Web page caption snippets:
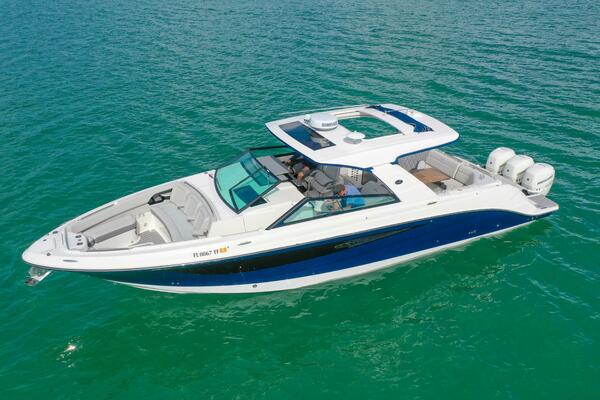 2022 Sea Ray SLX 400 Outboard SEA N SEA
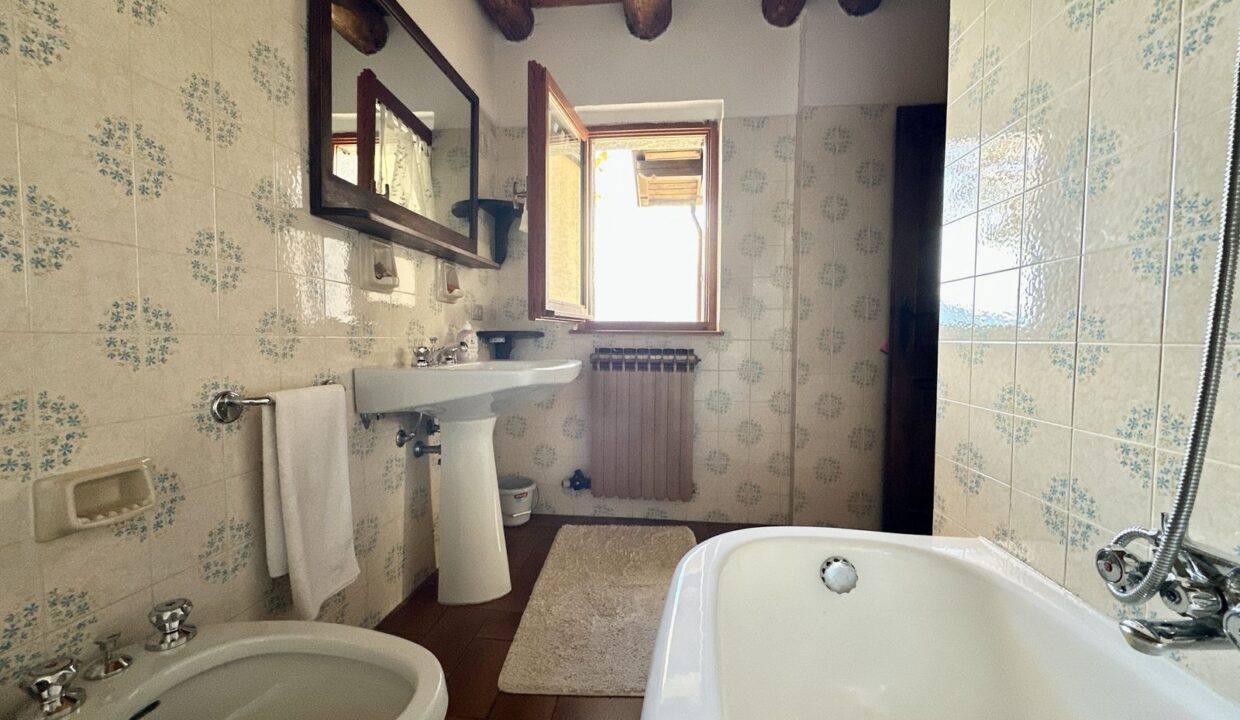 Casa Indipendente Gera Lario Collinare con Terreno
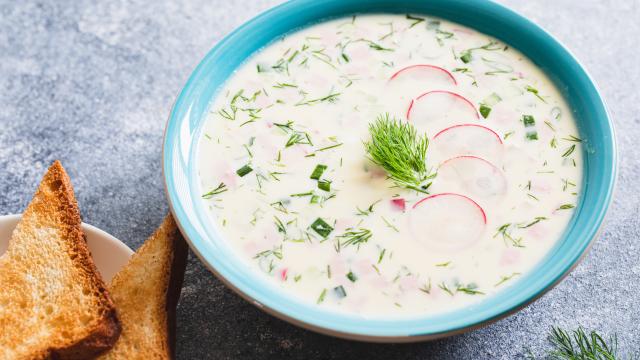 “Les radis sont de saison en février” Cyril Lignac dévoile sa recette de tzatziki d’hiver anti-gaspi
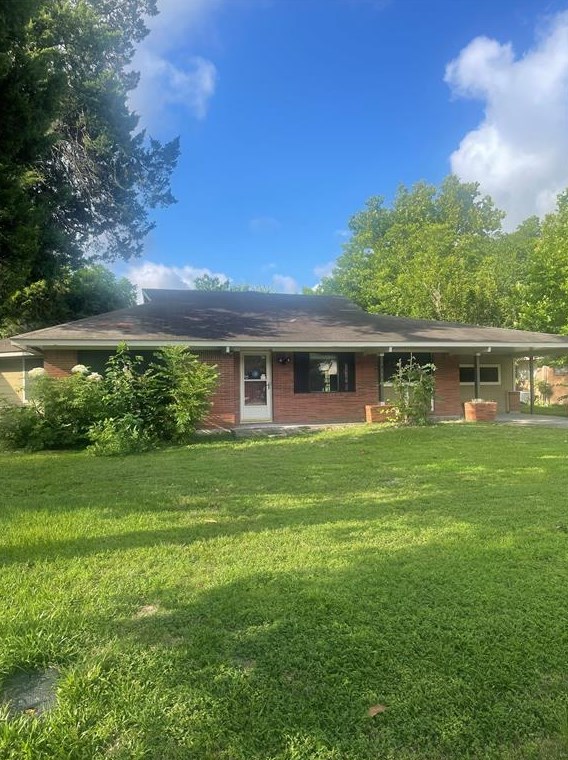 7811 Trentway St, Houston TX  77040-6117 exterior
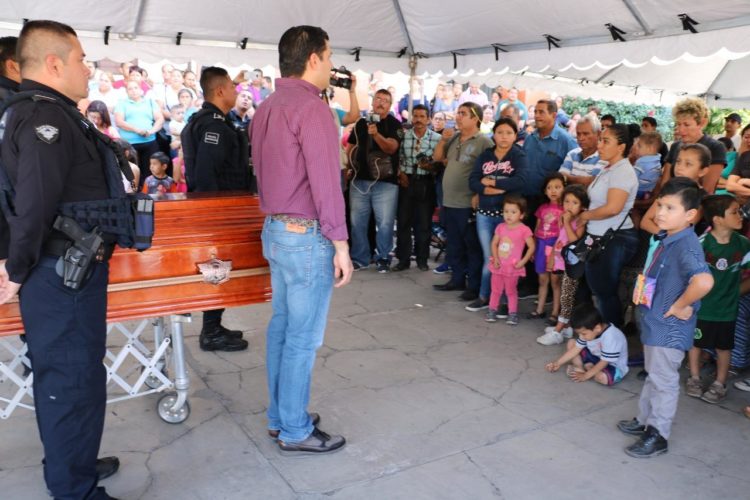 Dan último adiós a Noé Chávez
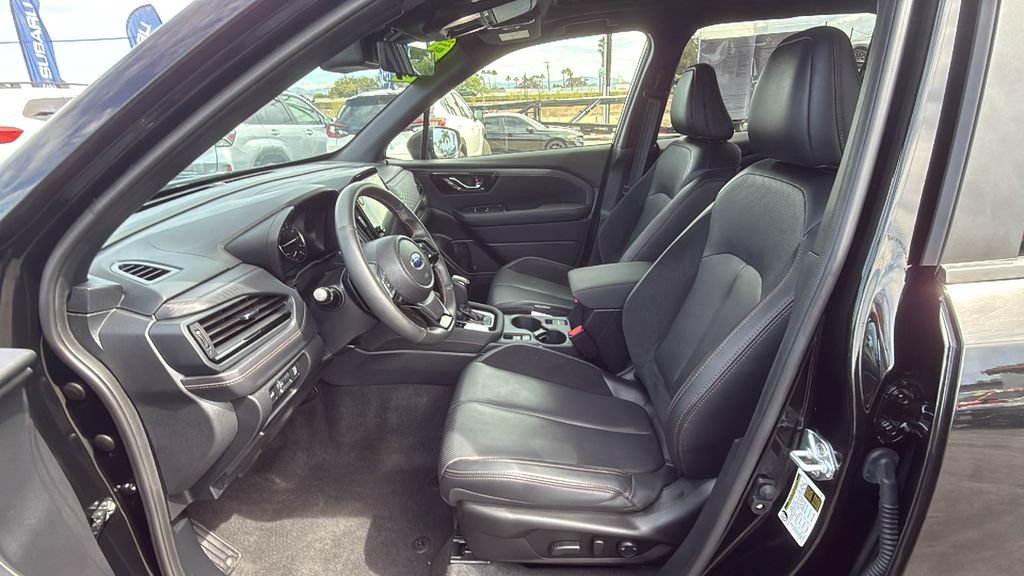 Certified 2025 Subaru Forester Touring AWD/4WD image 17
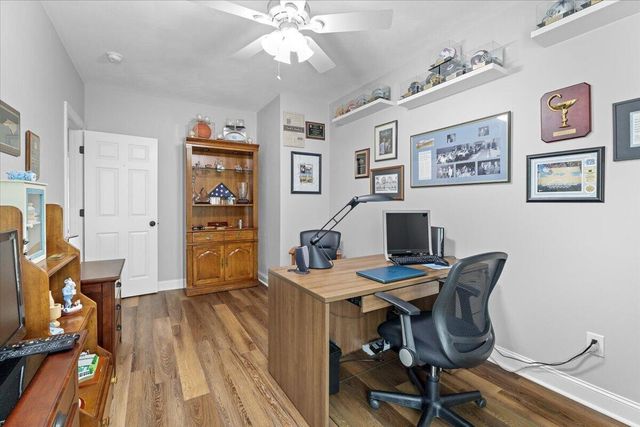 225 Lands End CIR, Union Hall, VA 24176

§ TASK REQUIREMENTS
Leave out the pictures and return the rest of the records exactly.

§ SOLUTION TO THE EXERCISE
 2022 Sea Ray SLX 400 Outboard SEA N SEA
 Casa Indipendente Gera Lario Collinare con Terreno
 “Les radis sont de saison en février” Cyril Lignac dévoile sa recette de tzatziki d’hiver anti-gaspi
 7811 Trentway St, Houston TX  77040-6117 exterior
 Dan último adiós a Noé Chávez
 Certified 2025 Subaru Forester Touring AWD/4WD image 17
 225 Lands End CIR, Union Hall, VA 24176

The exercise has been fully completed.